RECORDED INFORMATION:
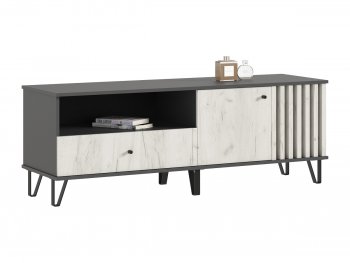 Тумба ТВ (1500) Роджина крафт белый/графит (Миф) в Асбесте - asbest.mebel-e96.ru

--

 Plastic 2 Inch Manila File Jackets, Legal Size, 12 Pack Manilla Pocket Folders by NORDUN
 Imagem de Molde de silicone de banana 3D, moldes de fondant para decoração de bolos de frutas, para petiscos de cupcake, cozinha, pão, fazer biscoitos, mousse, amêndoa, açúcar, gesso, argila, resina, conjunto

---

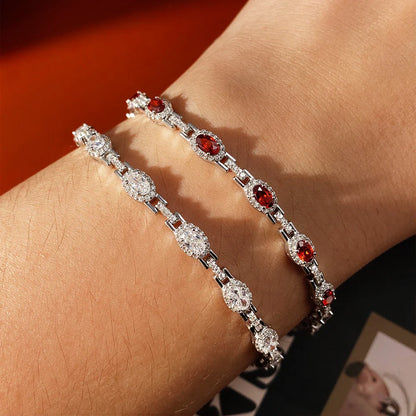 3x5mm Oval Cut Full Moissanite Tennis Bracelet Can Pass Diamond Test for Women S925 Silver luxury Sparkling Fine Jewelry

TASK ITEM: The range runs from the line with "Plastic 2 Inch" up to and including the line with "Imagem de Molde" in the listing above; please write out exactly those lines and nothing more.

SOLUTION TO THE EXERCISE:
 Plastic 2 Inch Manila File Jackets, Legal Size, 12 Pack Manilla Pocket Folders by NORDUN
 Imagem de Molde de silicone de banana 3D, moldes de fondant para decoração de bolos de frutas, para petiscos de cupcake, cozinha, pão, fazer biscoitos, mousse, amêndoa, açúcar, gesso, argila, resina, conjunto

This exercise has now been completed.